» **TASK DESCRIPTION**
Repeat every entry word for word. Images do not belong in the copy.

» **SOURCE DATA**
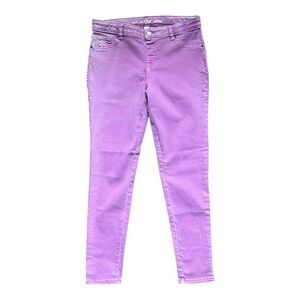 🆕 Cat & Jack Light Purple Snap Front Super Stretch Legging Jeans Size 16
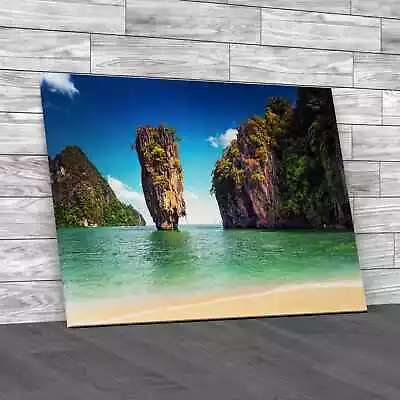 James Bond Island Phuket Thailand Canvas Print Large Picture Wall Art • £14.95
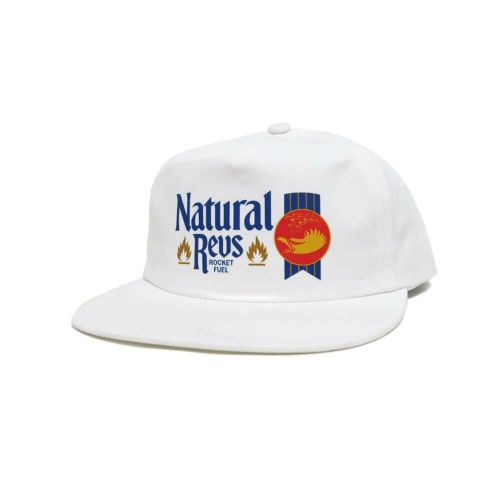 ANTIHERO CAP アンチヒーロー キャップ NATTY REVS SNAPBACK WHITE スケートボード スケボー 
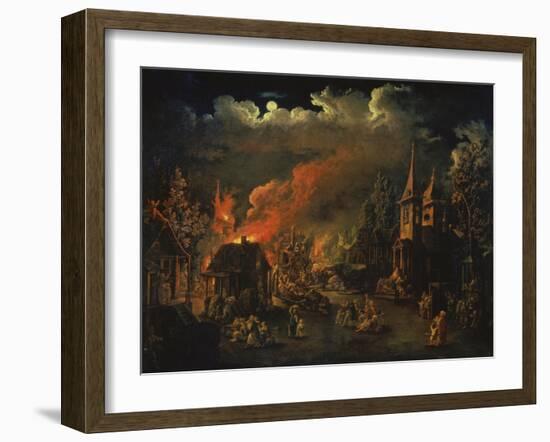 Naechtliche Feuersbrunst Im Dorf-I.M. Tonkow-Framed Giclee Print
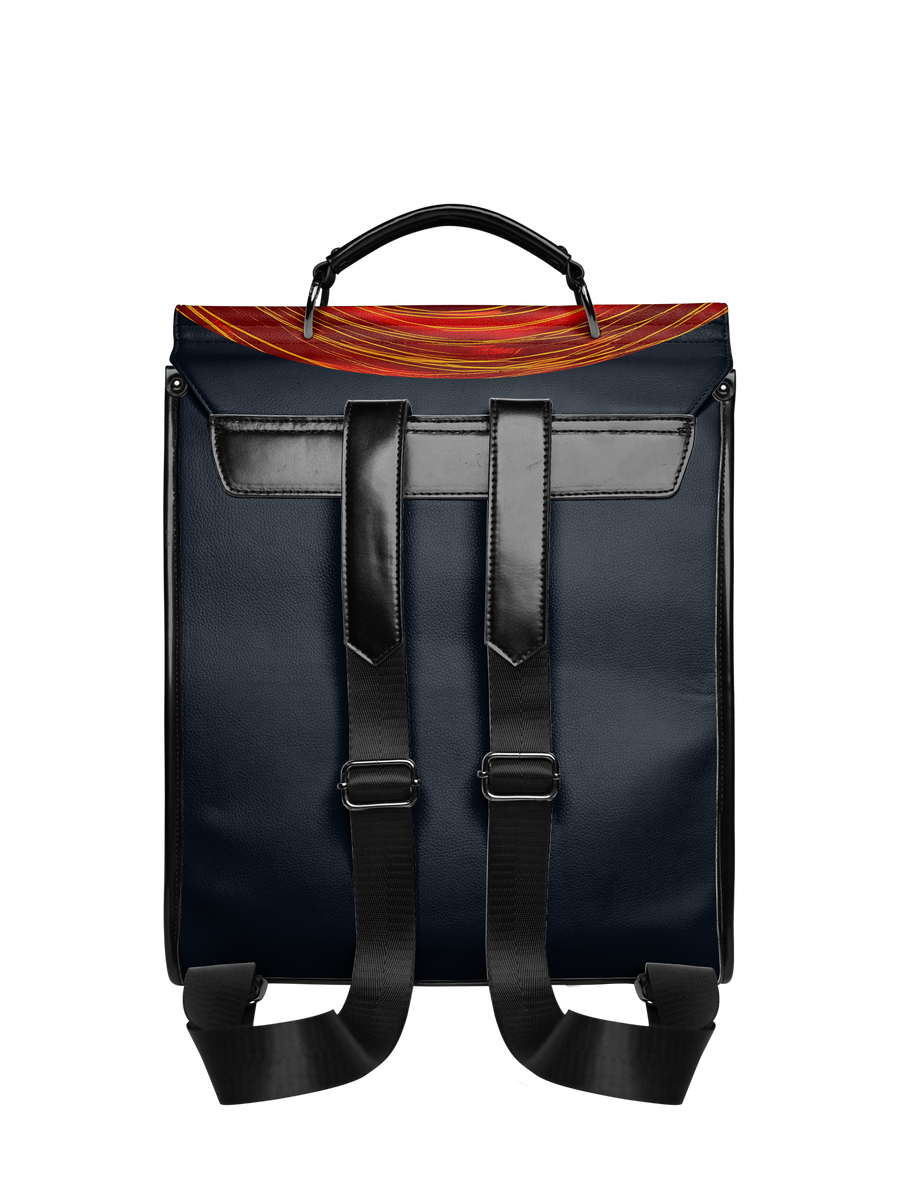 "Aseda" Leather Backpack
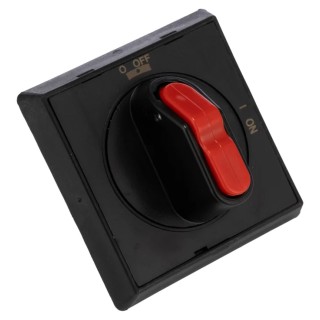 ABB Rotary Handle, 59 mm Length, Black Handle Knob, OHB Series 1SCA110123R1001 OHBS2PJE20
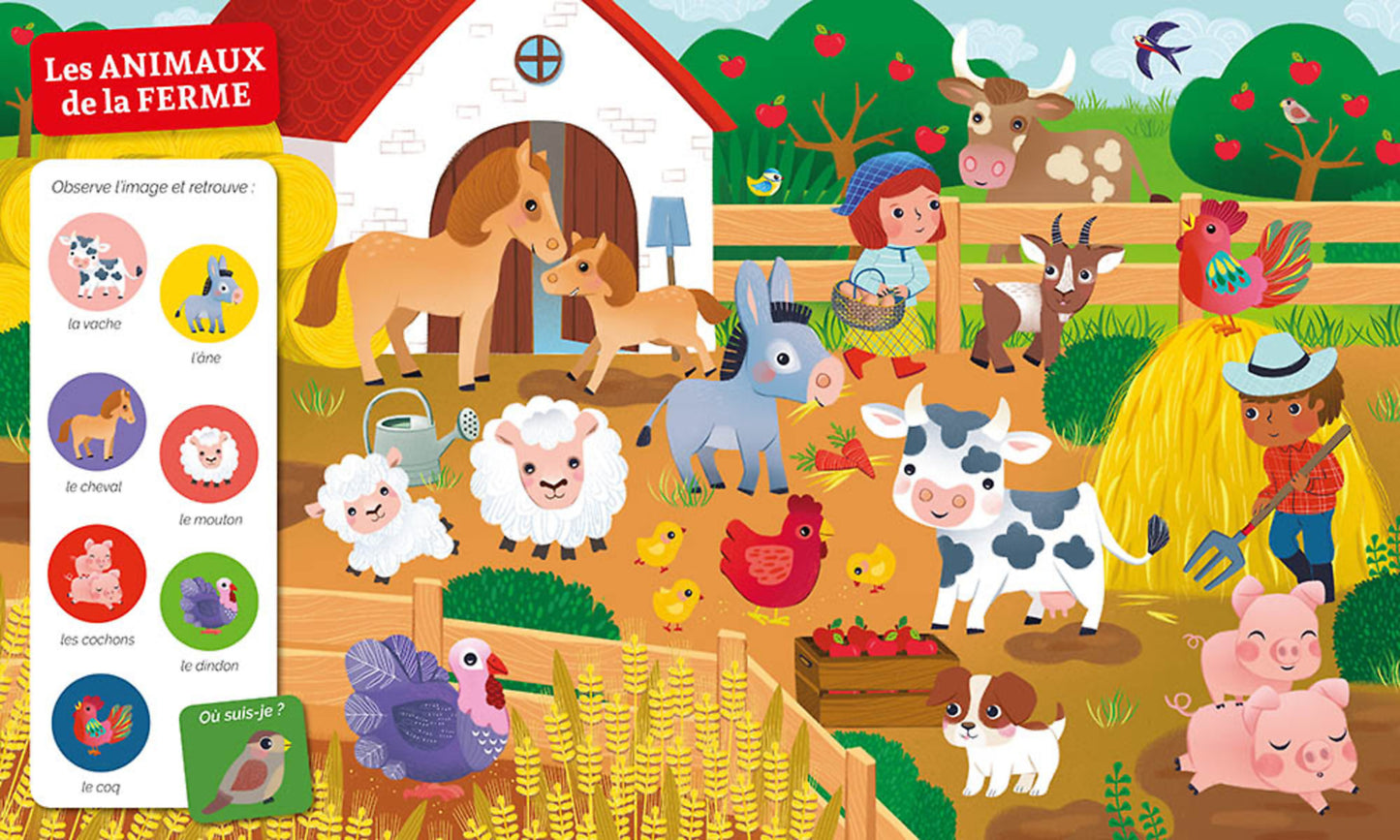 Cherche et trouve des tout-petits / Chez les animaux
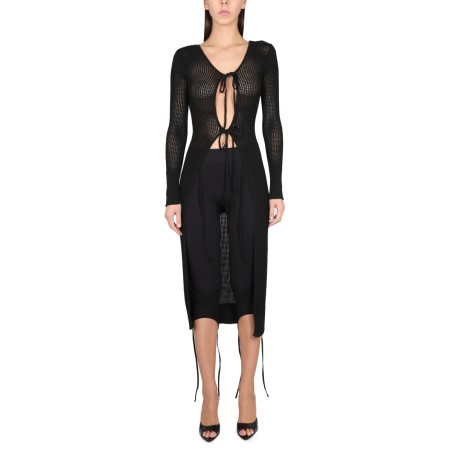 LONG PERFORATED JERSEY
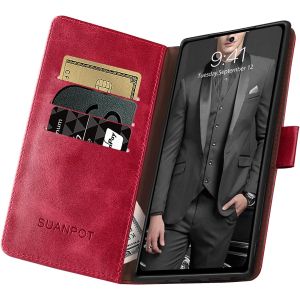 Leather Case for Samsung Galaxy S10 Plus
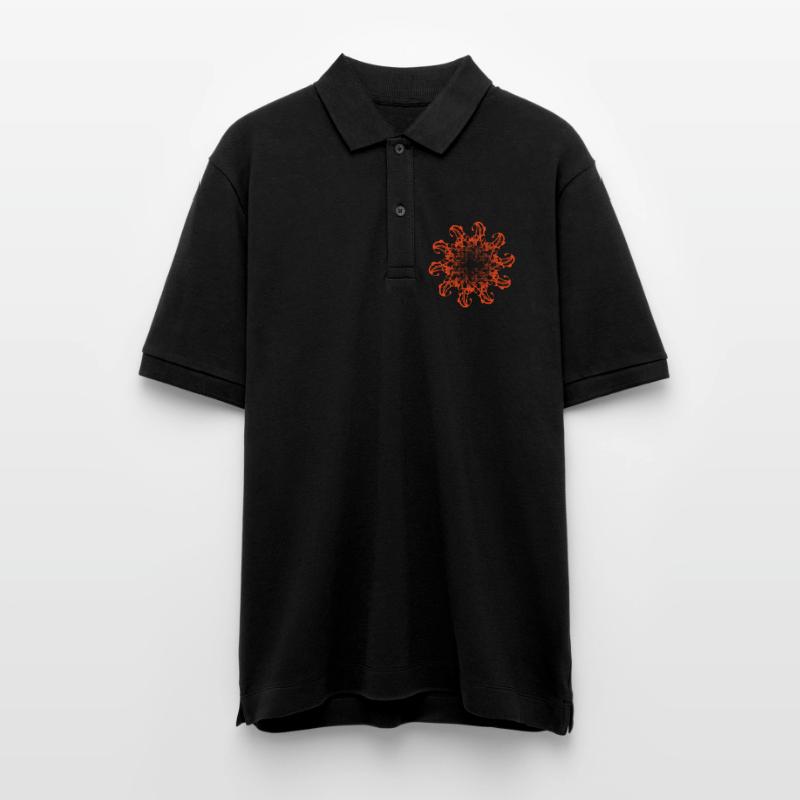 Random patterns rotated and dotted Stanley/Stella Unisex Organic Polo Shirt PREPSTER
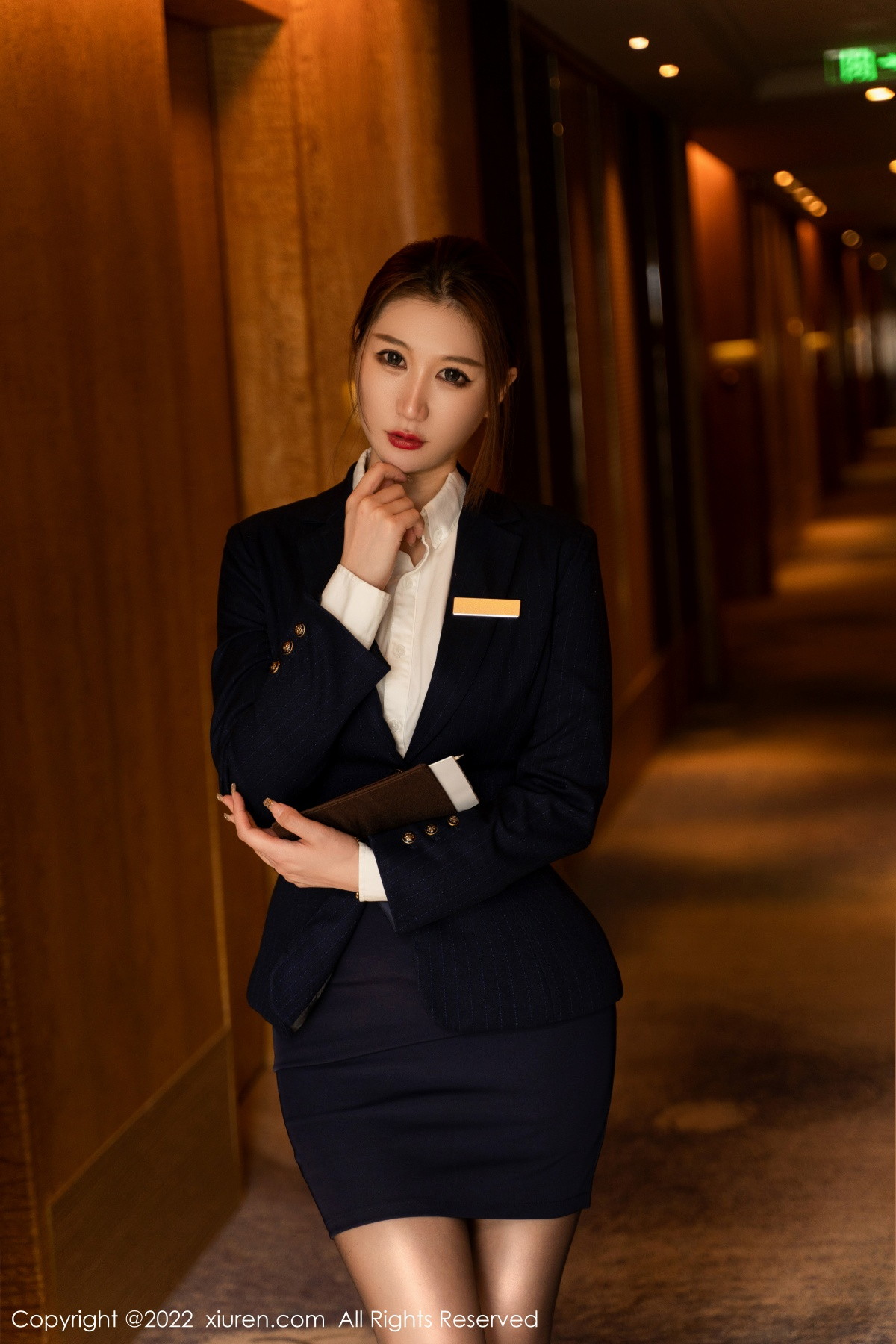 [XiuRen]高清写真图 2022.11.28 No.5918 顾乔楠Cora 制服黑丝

» **RESULT FOR THIS TASK**
 🆕 Cat & Jack Light Purple Snap Front Super Stretch Legging Jeans Size 16
 James Bond Island Phuket Thailand Canvas Print Large Picture Wall Art • £14.95
 ANTIHERO CAP アンチヒーロー キャップ NATTY REVS SNAPBACK WHITE スケートボード スケボー 
 Naechtliche Feuersbrunst Im Dorf-I.M. Tonkow-Framed Giclee Print
 "Aseda" Leather Backpack
 ABB Rotary Handle, 59 mm Length, Black Handle Knob, OHB Series 1SCA110123R1001 OHBS2PJE20
 Cherche et trouve des tout-petits / Chez les animaux
 LONG PERFORATED JERSEY
 Leather Case for Samsung Galaxy S10 Plus
 Random patterns rotated and dotted Stanley/Stella Unisex Organic Polo Shirt PREPSTER
 [XiuRen]高清写真图 2022.11.28 No.5918 顾乔楠Cora 制服黑丝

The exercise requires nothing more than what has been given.